While the album Versus, begins to explore new sound-scapes unheard on Ten, the song Leash both in sound and content, is from that earlier era. Leash could easily have been a track from Ten, as is evidenced my footage of the band playing the song as early as 1991. And like the songs mentioned above, Leash was another prayer in my hymnal in the early days of my twenties. One to which I often turned in times of confusion and hope.

The song Leash is a cocktail of emotional tension and release, and so warrants a line-by-line breakdown. I have always understood the opening line as a call! A gathering of tribes.

Troubled souls unite we got ourselves tonight

There is no salvation beyond suffering. No help beyond our own tribe. Only those who are broken and have faced pain can mend and heal that pain. But there is power in healing. Because our pain is not our own to bare alone-- it is a tool we can use to help others. As we, the troubled souls, share the weight of our suffering and make clear to others that we too have been there, our own load lightens at the same time as those whom we are trying to help.

I am fuel you are friends we got the means to make amends

This song is the ultimate in self-sacrifice. The singer confused as to whether he is the saved or the savior. I often felt Vedder singing these lines to me, but on those occasions, alone in a car or a dark room, when I was the singer of these lines, I felt invincible. Empowered to use my scars to mend others.

I am lost I'm no guide but I'm by your side
I am right by your side

I have always loved the humility of that line.
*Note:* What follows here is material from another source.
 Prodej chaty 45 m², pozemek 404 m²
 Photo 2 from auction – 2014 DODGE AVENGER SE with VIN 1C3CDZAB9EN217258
Keep in mind that by this time Vedder was seen as the spokesperson of a generation. A sort of messiah for the disenfranchised, but here he is saying that he  doesn't have any more answers than those who have placed him on a pedestal. It is in his vulnerability and ability to stand by us that we should find comfort, not by any answers he may have. Again, when singing this song, I find his humility empowering. To this day, I feel the notion of being a lost guide in everything I do. In my writing, teaching, and parenting. I don't know where I am going, but I will stand with anyone who is willing to move forward.

Young lover I stand
It was their idea I proved to be a man

This is one of my favorite Pearl Jam lines of all time. It so perfectly highlights the tenacity of survival. The ambiguity of "their" is perfectly situated to separate them from us. Society and the troubled souls. The abusers and the abused. The dead from the living.

Take my fucking hand
It was their idea I proved to be a man 

And then to repeat it! Building that tension both in speed and tone, the song heads toward climax. But then suddenly the melody softens and takes flight. Adding a layer of complexity to the crescendo which begin on the first note.

Will myself to find a home a home within myself
We will find a way we will find our place 

Back to the theme of self-reliance and community. Vedder reminding us that only we can help ourselves. And only then can we help others. That if we band together and cherish our youth, we will find our place. All we must do is to demand from those that control us to:

Drop the leash drop the leash
Get outta' my fuckin' face

Drop the leash, we are young
Oh, get outta' my fuckin' face
Drop the leash, drop the leash
Get outta' my, my

The song finally breaks into a hopeful lift, a chant, a calling for release. A demand to be set free! Weaving guitar solos usher in an ending filled with howls to:

Delight, delight, delight in our youth

Leash has got to be one of my top five Pearl Jam songs of all time. Where does Leash take you? What stories or lessons have you dug out of this song?